Part of the drop in focus on GDPR and data privacy can be blamed on COVID-19, the pressures of business change, and remote working. Additionally, the volume of hacks, ransomware, and other IT vulnerabilities seems to have won far more attention and budget from Boards nowadays, and the funds have likely been reallocated away from the Data Privacy Officer (DPO) to the Chief Information Security Officer (CISO).
To Privacy Regulators, however, these commercial challenges are of little concern. Privacy Regulators are charged with focusing on protecting the privacy rights of individual data subjects – not business operating costs – and they want to see organizations invest appropriately by using Articles 37 to 39 of the GDPR as the stick to take organizations to task for not supporting their DPOs effectively.
What to Do Next
There was a reason why GDPR was launched to a grand fanfare five years ago, and that purpose is in front of us today.

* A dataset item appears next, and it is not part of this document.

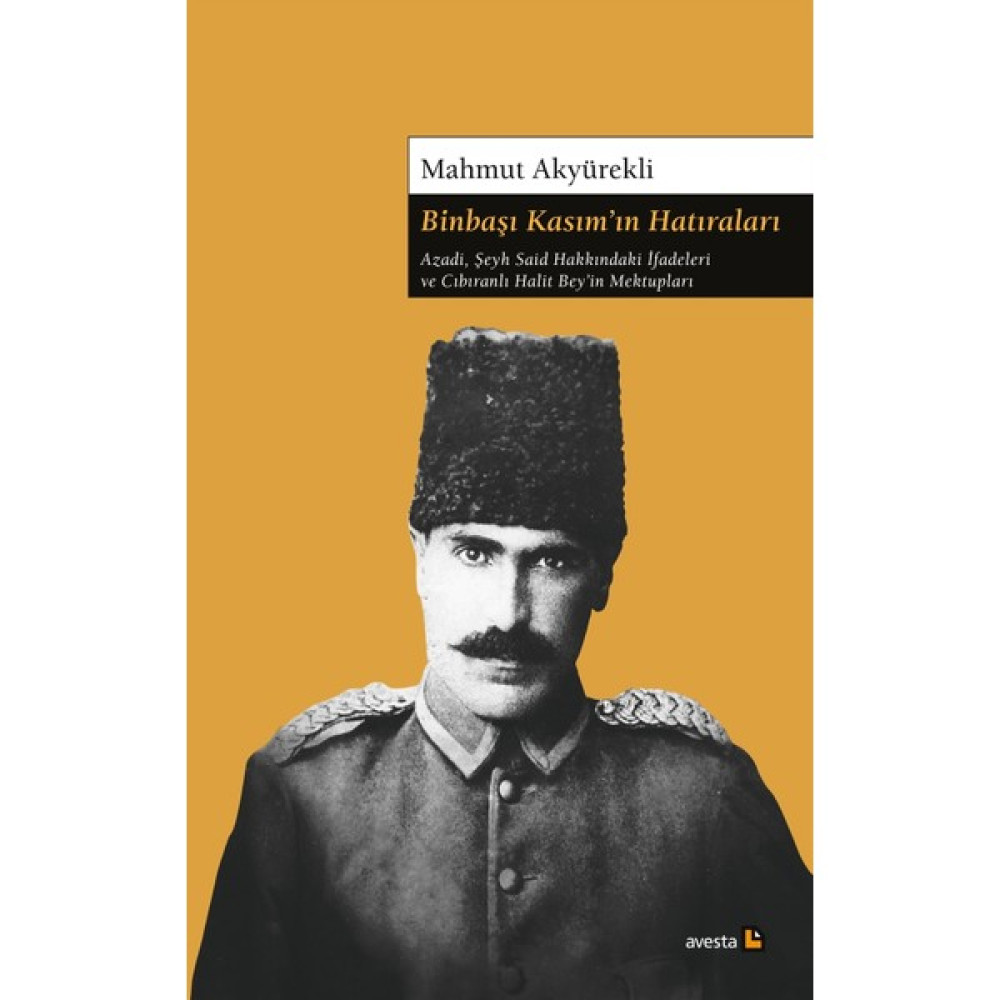 Avesta Yayınları Binbaşı Kasım’ın Hatıraları - Mahmut Akyürekli Mektup - Anı - Günlük - Anlatı Fiyatı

GDPR is fundamentally about protecting human rights and the privacy that we all want and value. Right now, we need to trust that GDPR – and DPA18 in the UK – is fit for purpose, and we must trust in Regulators to enforce this for the benefit of individuals and society as a whole.
In terms of the next steps for businesses considering what to do:
AI technologies like ChatGPT are here to stay so understand their value and innovate consciously to ensure progress remains consistent with corporate values and compliant with the GDPR and other privacy laws that apply.
In terms of decision-making, as well as the technical and usual teams that are involved in innovation, include ethics, corporate social responsibility, risk, and compliance, and not only ask “What do we think” but also “How do we feel” as there are moral dilemmas to debate as well.
Data privacy has never been more important than in this AI evolution because the guiding Regulation is the GDPR, and there is a great benefit – and risk mitigation – in bringing a DPO with a proactive, positive, and commercial mind-set to the top table to offer advice and help to navigate this.
A great deal has changed since GDPR came into effect five years ago, so look again at your internal Privacy Office and assess if it is still able to deliver against the essential compliance requirements today and that privacy by design is integral to any innovation or change.
Most useful is to carry out a high-level Privacy Audit to help the Board understand what gaps exist, what to do to close those gaps, what the priorities are, and identify where future efforts, funds, and personnel need to be deployed.
AI has significantly increased the stakes in terms of opportunity and risk – so rather than do what you have done before, seek out new ways to face these new challenges.